Work to be completed »
The entire listing, reproduced exactly and stripped of images, is the expected output.

--- Source material Enclosed Below ---

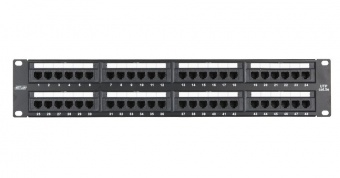 Коммутационная панель NETLAN 19", 2U, 48 портов, Кат.5e (Класс D), 100МГц, RJ45/8P8C, 110/KRONE, T568A/B, неэкранированная, черная купить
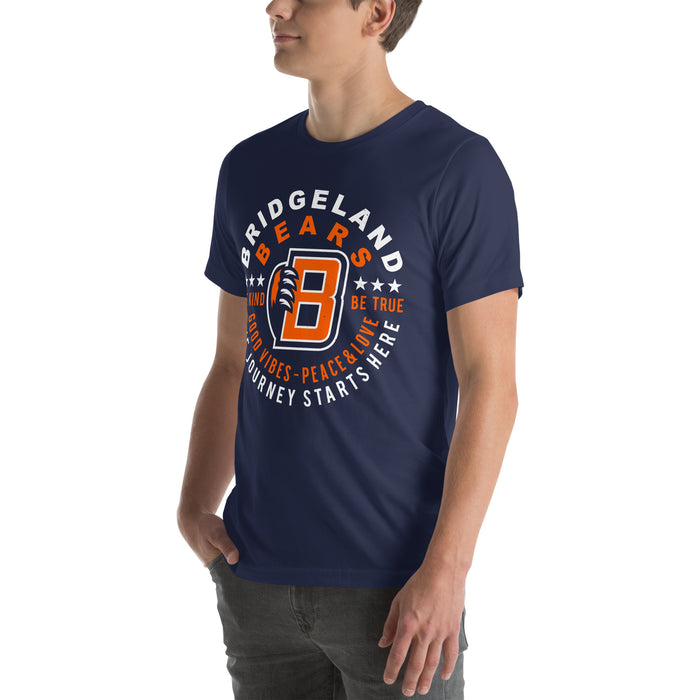 Man wearing Bridgeland High School Bears Premium Navy Blue Unisex T-shirt 016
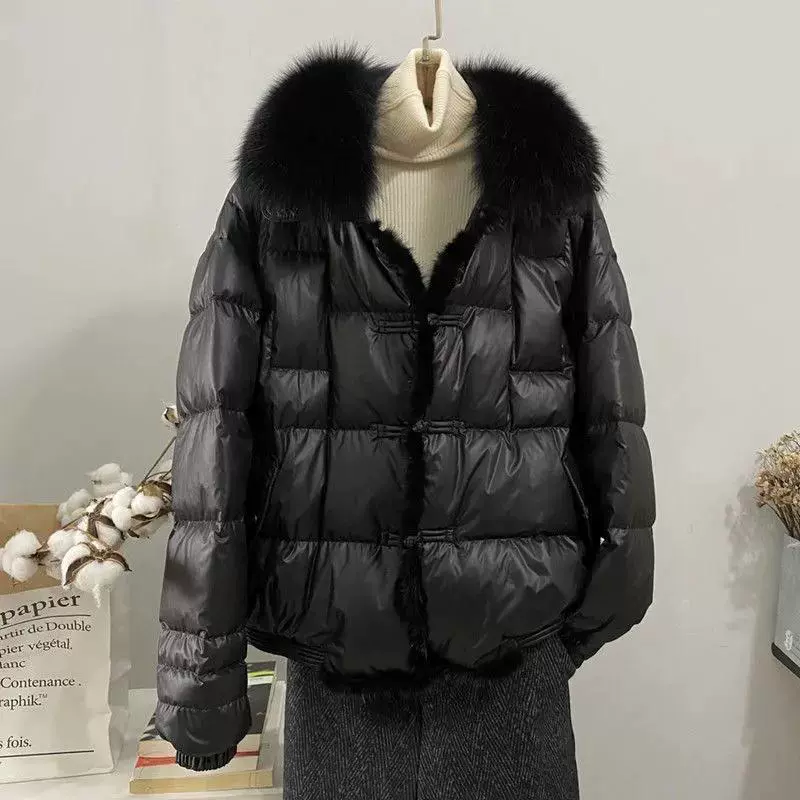Retro down jacket, fur‑trimmed puffer, short fit, toggles, sizes M–XL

--- End of Enclosed Source material ---

The completed task »
 Коммутационная панель NETLAN 19", 2U, 48 портов, Кат.5e (Класс D), 100МГц, RJ45/8P8C, 110/KRONE, T568A/B, неэкранированная, черная купить
 Man wearing Bridgeland High School Bears Premium Navy Blue Unisex T-shirt 016
Retro down jacket, fur‑trimmed puffer, short fit, toggles, sizes M–XL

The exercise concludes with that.